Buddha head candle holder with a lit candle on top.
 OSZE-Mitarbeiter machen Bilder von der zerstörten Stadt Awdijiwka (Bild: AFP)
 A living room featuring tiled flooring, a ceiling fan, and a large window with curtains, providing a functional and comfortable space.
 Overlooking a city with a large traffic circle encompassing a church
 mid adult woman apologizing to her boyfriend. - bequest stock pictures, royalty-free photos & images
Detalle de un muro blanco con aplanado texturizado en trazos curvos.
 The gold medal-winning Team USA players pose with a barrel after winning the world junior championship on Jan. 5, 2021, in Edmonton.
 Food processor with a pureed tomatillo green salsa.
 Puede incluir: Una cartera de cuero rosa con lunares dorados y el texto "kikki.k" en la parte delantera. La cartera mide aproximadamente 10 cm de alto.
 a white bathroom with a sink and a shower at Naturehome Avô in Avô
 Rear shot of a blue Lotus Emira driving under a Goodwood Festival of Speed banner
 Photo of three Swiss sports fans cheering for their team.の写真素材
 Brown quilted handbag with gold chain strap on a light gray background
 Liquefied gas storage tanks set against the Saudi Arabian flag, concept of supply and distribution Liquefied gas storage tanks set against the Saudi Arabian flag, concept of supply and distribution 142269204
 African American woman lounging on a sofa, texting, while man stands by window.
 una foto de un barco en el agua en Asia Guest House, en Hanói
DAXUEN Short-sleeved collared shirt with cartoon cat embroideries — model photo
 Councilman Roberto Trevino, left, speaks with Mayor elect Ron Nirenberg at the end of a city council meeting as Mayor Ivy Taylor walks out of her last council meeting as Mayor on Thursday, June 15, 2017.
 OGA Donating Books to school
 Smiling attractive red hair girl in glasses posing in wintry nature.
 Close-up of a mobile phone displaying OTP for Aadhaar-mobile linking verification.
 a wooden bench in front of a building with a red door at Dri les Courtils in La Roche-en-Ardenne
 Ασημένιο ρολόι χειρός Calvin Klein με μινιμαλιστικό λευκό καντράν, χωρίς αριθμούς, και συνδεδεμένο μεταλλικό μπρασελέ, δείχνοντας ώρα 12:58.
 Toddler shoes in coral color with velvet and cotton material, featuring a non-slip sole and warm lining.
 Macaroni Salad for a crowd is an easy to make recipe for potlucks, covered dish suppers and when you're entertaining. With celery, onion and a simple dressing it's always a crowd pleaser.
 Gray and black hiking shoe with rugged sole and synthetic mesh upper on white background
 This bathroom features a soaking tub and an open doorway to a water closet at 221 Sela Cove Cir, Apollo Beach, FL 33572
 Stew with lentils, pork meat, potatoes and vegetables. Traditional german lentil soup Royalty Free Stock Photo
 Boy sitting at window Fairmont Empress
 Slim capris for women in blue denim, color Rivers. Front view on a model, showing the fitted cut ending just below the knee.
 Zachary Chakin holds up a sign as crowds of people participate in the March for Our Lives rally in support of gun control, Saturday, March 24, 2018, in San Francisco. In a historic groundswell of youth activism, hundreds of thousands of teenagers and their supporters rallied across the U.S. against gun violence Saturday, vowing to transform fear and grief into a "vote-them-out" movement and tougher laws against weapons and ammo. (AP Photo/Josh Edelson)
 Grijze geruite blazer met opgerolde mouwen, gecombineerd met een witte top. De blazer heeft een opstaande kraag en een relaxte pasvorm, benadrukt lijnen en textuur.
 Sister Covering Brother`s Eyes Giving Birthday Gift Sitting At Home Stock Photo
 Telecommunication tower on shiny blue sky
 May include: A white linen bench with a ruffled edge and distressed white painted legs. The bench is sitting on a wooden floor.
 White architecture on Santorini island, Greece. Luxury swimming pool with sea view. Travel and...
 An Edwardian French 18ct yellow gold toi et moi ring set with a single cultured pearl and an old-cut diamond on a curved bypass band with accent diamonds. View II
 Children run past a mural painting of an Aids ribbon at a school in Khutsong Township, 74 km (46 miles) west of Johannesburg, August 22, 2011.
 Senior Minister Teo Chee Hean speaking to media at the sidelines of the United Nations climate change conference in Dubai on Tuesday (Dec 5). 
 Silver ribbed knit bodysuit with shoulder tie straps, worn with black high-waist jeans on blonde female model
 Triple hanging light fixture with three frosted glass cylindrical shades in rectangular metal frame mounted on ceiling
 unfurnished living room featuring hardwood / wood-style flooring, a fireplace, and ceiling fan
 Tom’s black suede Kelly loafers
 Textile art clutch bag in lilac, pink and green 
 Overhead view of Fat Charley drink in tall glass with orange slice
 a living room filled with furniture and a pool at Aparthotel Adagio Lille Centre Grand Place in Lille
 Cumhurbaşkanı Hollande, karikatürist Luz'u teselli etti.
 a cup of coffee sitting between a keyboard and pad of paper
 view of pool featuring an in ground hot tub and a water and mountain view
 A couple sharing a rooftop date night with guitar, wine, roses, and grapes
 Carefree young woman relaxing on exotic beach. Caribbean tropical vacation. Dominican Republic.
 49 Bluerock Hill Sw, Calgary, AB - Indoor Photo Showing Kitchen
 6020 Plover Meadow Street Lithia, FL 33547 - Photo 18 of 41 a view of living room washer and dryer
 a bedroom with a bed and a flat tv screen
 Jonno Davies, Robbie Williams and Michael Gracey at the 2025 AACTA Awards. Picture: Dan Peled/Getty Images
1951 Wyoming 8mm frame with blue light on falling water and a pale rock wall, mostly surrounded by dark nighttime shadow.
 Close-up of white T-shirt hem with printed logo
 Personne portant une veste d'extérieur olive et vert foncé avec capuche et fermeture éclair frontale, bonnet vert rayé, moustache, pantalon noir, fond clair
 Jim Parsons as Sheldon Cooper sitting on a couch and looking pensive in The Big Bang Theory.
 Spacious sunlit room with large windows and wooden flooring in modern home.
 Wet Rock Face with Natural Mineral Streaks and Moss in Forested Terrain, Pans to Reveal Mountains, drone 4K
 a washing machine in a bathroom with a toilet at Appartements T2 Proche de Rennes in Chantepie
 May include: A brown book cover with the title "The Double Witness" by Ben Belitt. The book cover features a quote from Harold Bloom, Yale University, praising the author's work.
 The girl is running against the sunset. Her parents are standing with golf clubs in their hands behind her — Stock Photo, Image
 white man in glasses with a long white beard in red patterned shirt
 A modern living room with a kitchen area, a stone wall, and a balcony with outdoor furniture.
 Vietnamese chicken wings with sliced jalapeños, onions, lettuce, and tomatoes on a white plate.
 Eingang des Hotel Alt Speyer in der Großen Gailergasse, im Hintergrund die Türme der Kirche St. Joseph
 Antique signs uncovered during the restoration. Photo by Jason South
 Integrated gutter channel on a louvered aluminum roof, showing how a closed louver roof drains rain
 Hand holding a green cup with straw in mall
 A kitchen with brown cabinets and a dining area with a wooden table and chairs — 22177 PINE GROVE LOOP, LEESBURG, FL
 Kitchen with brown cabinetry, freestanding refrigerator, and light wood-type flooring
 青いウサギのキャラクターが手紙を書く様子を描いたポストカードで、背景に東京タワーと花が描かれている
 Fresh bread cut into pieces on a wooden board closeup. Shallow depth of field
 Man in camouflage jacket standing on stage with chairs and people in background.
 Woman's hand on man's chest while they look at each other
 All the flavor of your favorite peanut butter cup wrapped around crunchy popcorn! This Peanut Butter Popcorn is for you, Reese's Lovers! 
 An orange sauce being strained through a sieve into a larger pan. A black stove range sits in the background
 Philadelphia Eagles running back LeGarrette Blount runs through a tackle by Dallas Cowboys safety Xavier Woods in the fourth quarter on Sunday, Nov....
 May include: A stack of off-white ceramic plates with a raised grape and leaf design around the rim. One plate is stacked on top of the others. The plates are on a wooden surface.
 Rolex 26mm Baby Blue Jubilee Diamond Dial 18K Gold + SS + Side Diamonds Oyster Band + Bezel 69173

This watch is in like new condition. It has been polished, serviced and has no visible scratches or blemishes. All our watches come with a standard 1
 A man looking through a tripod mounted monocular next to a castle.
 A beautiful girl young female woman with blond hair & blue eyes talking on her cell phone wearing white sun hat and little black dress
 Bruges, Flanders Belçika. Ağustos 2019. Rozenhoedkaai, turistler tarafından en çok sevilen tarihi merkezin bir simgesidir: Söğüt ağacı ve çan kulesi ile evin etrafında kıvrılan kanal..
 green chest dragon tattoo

* _Task goal_
Identify every line above with the string "frame" in it. Copy those lines.

* _Exercise response_
 Triple hanging light fixture with three frosted glass cylindrical shades in rectangular metal frame mounted on ceiling
1951 Wyoming 8mm frame with blue light on falling water and a pale rock wall, mostly surrounded by dark nighttime shadow.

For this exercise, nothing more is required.